Penn State Law

Penn State Law's Entrepreneurship Assistance Clinic serving Pa. small businesses

The Penn State Law Entrepreneur Assistance Clinic allows students to represent entrepreneurs, startups and nonprofit organizations in a setting similar to a small law firm. Under the direction of Professor of Practice Tom Sharbaugh, students provide legal services to the clinic’s clients in much the same manner as practicing lawyers. Credit: Michelle Bixby / Penn State. Creative Commons

UNIVERSITY PARK, Pa. — Penn State Law’s Entrepreneurship Assistance Clinic was started five years ago to represent startup and early-stage businesses within the Penn State community. The clinic, under the leadership of Tom Sharbaugh, a 1973 Penn State Smeal College of Business alumnus and former firm-wide managing partner of operations at the global law firm Morgan Lewis & Bockius LLP, has expanded its outreach every year. For the past four years, the annual new-client growth rate and the annual new-business growth rate have both been at least 67%. In 2021 alone, the clinic served 958 new clients and formed nearly 500 new businesses in Pennsylvania.
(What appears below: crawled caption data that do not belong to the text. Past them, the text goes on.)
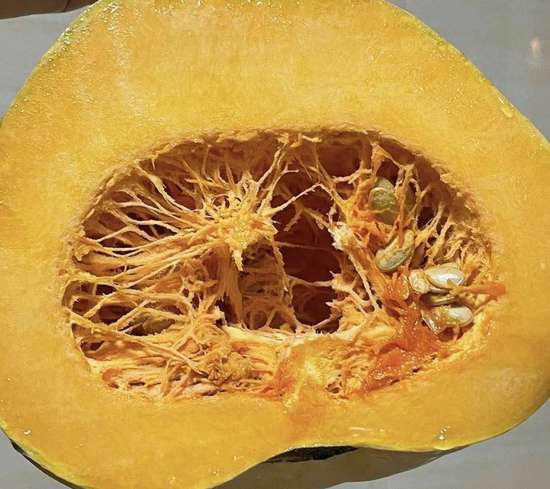 冷空气种下去的瓜苗受冻了怎么办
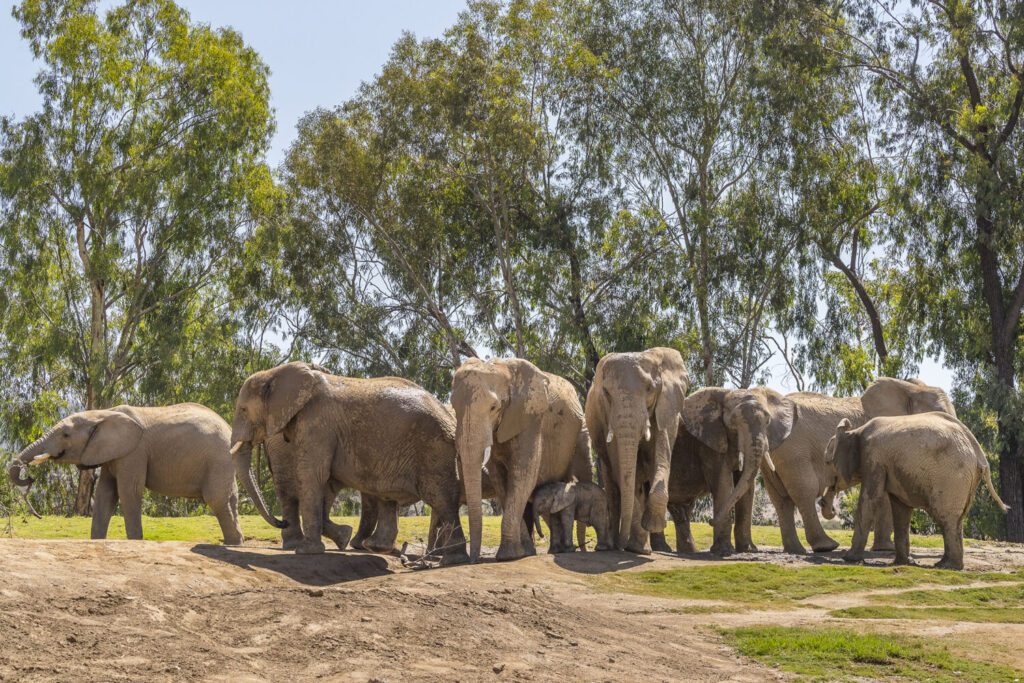 Rediscover San Diego Zoo Safari Park In The New Elephant Valley 39 San Diego Zoo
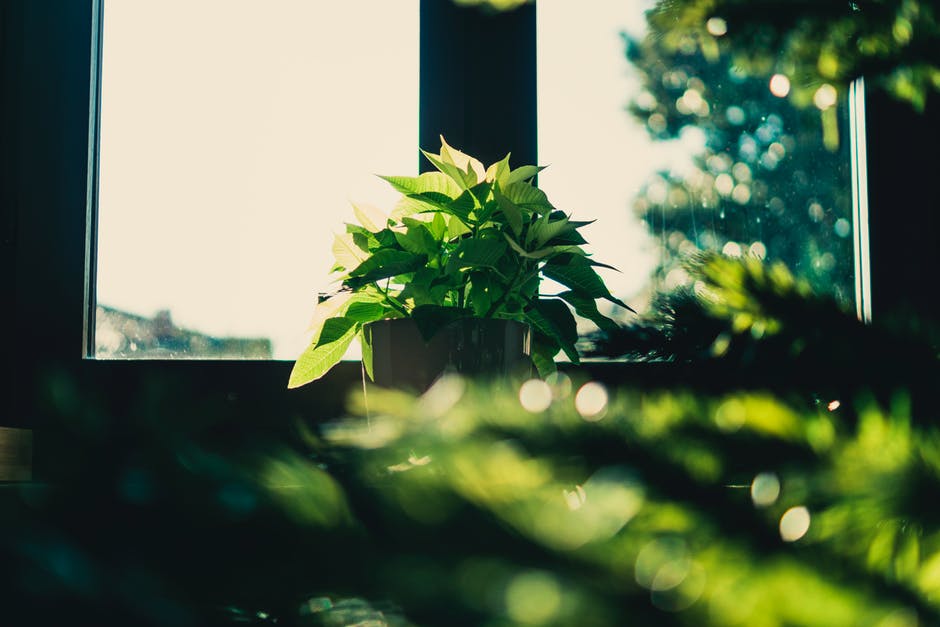 Plants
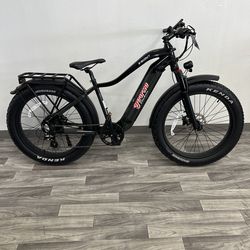 Electric Bike: Young Electric ESCOUT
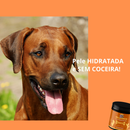 Suplemento Vitamina PELUDINHOS p/ Cachorro PELO e DERME Saboroso Dermatite Queda Derme Brilho Formato de Ossinho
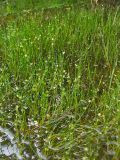 Juncus ambiguus. Цветущие растения в канаве с медленно текущей водой. Нидерланды, провинция Groningen, Haren. 27 июля 2008 г.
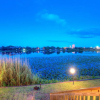 Отель Lullwater Front Beach Condos by ZIA VR, фото 16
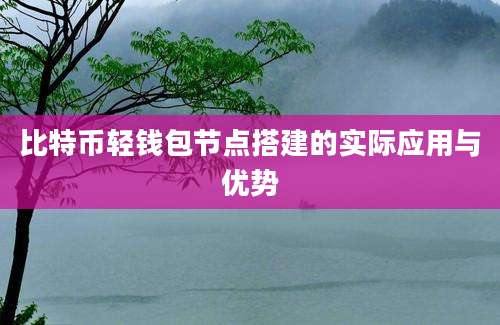 比特币轻钱包节点搭建的实际应用与优势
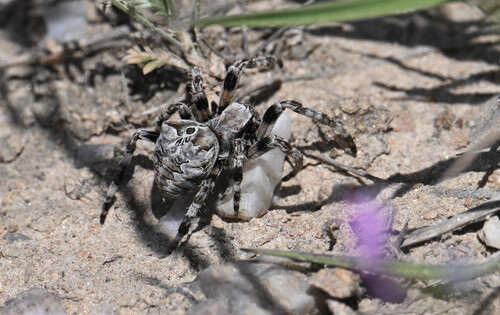 Araneus grossus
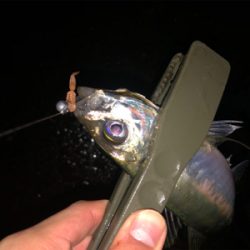 釣り納めライトゲーム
The mission of the clinic quickly grew from its initial focus on the Penn State community to serve small businesses all over Pennsylvania, irrespective of any connection to Penn State, as part of Penn State’s land-grant mission. The clinic relies upon referrals from Penn State’s 21 LaunchBox incubators and from economic development organizations, including Pennsylvania's 16 Small Business Development Centers and Ben Franklin Technology Partners for Central and Northern PA.
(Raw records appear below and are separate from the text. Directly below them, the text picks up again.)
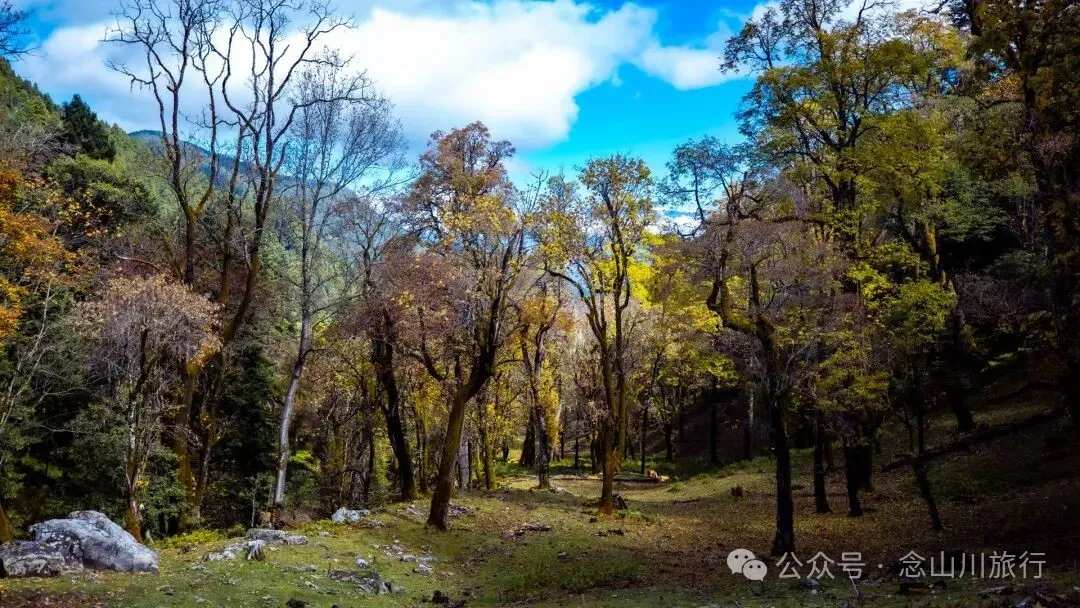 听说了，巴珠村的冬天才是赏秋色的最好时节 - 第14张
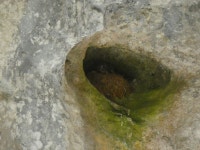 Cypseloides niger in 7월 2024 by Blake Weis · iNaturalist Cypseloides niger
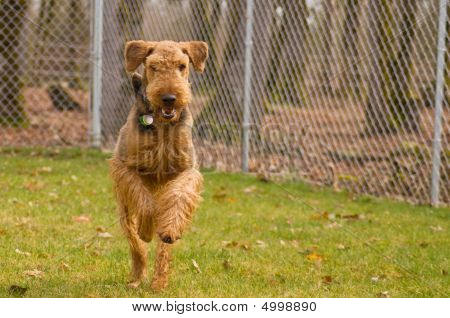 สุนัขเทร์เรียร์ Airedale งานวิ่งนอกบ้าน Fenced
Three full-time lawyers supervise a team of 20 law students to represent both innovation entrepreneurs, such as scientists at Penn State, and necessity entrepreneurs, individuals who turn to entrepreneurship as a means of supporting themselves and their families, often as a result of being laid off from their job or perceived future layoffs. The clinic is based in downtown State College at the Happy Valley LaunchBox. The clinic recently launched its Underserved Small Business Legal Services Program to focus specifically on underserved entrepreneurs in Pennsylvania.

In response to the pandemic and eviction crisis, the clinic has represented hundreds of micro-entrepreneurs, such as hair salons, restaurants, landscapers, child care centers, and online retailers, particularly in areas of relatively high unemployment. Although the clinic typically does not provide dispute-resolution services, it expanded its scope in response to client demand to assist clients with the renegotiation of leases, loan agreements, and other contracts during the COVID-19 pandemic. 

As a result of the clinic’s work to prevent evictions, Penn State Law was invited by the White House and the Department of Justice to a virtual event from 11 to 12:15 p.m. on Friday, Jan. 28, with Attorney General of the United States Merrick Garland; Second Gentleman Douglas Emhoff; Deputy Secretary of the U.S. Treasury Adewale Adeyemo, and other top administration officials, to recognize these efforts.